Introduction: Cytomegalovirus (CMV) infection after renal transplantation can cause graft dysfunction with morbidity and mortality.  Our center is an exclusive living donor program with 99% R+D+.  Due to non-availability and cost of oral valgancylovir, we do not give prophylaxis rather opt for event driven CMV treatment.  Our aim is to identify risk factors and outcome in patients with high CMV viremia so that we can select them for prophylaxis in the background of financial and logistic constraints.
Methods: The files of renal transplant recipients who receive graft from January 2018 to December 2020 are reviewed. The first CMV episode is taken. High viral load is defined as >104 IU/ml.  Demographics, HLA match, time since transplant, immunosuppression at the time of transplant and 90 days before CMV episode, rejection 90 days before and after CMV episode, tissue invasive disease, recurrent CMV and serum creatinine at the last follow up (4 years post-transplant) are compared between high and low viral loads.
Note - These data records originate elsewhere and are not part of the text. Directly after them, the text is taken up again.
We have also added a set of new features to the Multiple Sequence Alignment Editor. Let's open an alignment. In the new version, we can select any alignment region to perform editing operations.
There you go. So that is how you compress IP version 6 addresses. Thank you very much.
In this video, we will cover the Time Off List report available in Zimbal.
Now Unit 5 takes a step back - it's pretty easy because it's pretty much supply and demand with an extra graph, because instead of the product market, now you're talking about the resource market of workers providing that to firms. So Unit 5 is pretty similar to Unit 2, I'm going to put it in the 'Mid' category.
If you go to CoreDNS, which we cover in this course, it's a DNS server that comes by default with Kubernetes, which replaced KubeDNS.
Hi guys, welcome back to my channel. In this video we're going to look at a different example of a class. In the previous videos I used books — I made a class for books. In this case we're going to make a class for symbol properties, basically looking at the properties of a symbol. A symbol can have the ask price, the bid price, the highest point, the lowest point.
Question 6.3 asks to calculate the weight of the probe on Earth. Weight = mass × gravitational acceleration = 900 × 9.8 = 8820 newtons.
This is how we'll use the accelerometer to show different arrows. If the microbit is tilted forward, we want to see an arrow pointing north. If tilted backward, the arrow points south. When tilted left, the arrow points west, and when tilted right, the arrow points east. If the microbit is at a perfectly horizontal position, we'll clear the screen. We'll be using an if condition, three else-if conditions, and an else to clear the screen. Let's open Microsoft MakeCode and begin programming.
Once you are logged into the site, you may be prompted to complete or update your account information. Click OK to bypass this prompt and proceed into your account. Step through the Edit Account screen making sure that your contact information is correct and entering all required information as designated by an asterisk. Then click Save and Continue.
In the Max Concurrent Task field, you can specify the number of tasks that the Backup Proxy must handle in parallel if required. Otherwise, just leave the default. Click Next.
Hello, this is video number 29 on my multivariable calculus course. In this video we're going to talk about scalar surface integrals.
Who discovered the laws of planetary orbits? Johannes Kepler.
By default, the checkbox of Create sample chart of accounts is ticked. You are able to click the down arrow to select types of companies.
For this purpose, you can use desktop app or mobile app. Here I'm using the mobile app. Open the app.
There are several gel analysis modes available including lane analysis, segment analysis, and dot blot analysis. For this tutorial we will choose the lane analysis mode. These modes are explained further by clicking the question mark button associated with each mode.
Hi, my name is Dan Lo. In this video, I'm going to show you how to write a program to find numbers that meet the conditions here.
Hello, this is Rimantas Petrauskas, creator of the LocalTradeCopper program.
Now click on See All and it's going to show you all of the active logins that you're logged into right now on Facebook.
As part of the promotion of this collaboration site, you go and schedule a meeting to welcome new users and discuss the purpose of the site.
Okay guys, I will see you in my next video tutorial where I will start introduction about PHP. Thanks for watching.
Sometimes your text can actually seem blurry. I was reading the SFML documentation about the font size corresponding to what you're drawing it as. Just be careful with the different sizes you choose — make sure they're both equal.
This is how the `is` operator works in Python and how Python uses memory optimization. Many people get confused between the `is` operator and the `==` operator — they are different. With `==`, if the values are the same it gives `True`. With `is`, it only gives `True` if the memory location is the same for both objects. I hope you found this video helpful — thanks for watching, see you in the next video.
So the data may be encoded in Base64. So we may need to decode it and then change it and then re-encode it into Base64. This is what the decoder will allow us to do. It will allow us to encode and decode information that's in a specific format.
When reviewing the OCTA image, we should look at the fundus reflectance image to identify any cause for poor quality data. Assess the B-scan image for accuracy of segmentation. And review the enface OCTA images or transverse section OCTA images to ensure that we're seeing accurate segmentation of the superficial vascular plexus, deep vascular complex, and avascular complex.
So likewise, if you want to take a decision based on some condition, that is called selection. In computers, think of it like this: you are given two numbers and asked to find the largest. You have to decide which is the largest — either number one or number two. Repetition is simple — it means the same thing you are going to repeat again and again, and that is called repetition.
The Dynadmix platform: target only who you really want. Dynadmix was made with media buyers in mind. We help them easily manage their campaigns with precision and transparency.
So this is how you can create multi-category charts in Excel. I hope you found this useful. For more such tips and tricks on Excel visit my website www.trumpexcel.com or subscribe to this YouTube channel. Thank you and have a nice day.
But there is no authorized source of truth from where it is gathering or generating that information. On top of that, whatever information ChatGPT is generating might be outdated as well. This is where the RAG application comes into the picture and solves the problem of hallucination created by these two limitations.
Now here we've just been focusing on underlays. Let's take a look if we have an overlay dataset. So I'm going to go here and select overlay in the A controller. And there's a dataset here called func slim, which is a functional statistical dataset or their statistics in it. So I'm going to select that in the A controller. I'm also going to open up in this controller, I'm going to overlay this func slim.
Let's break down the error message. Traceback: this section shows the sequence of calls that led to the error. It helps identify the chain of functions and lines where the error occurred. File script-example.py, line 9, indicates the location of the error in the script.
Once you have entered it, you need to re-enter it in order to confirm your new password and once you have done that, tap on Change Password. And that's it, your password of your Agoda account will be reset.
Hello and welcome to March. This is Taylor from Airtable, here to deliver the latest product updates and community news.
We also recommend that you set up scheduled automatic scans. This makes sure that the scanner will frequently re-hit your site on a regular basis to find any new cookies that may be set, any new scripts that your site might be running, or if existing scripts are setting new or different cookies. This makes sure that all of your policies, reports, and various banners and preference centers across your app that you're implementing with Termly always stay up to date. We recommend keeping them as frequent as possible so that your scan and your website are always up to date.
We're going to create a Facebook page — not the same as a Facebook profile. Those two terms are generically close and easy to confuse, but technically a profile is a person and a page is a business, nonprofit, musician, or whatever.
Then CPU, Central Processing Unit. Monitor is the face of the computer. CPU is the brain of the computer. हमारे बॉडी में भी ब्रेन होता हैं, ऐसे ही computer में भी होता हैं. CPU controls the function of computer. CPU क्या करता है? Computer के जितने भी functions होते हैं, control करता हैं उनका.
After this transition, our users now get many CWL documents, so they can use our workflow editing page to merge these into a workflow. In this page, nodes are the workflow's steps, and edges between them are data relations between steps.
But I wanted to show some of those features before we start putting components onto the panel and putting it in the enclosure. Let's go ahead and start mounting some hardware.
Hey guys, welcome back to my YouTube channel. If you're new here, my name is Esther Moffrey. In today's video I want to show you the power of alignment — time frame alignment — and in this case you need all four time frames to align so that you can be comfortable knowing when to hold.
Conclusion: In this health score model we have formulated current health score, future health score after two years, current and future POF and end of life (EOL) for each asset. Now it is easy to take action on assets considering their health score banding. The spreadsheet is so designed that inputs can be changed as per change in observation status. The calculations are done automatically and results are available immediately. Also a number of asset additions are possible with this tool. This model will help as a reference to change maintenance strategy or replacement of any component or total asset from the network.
Results: A total of 336 files are reviewed. Out of these 217 (64.5%) developed CMV Viremia, with 37% within 90 days.  Fifty eight (26.7%) had high viral load. The median high viral load is 55000 IU/ml and low viral load is 1000 IU/ml. A total of 184 (84.7%) had good match. Age, gender, HLA match and immunosuppression at the time of transplant are comparable between high and low viral loads. Patients developed high CMV viremia significantly early post-transplant (median days 82 vs 139 p=0.037). Cyclosporine and tacrolimus are associated with CMV. Six (2.7%) patients develop tissue invasive disease with no difference in viral load. Overall there are 45 (8.7%) episodes of acute rejection within 90 days pre and post CMV infection with no difference between high and low viral loads. Subsequent CMV episodes are significantly high among patient with high viral load, however there is no significant difference in serum creatinine at the last follow-up.
Conclusion: One third of patients develop CMV viremia within 90 days post-transplant. High viral load is observed early post-transplant. There is no difference in rejection episode or graft function between high or low viremia. Only 2.7% develop tissue invasive disease. Event driven CMV treatment in our center seems an appropriate strategy; however, more studies are required to validate our findings.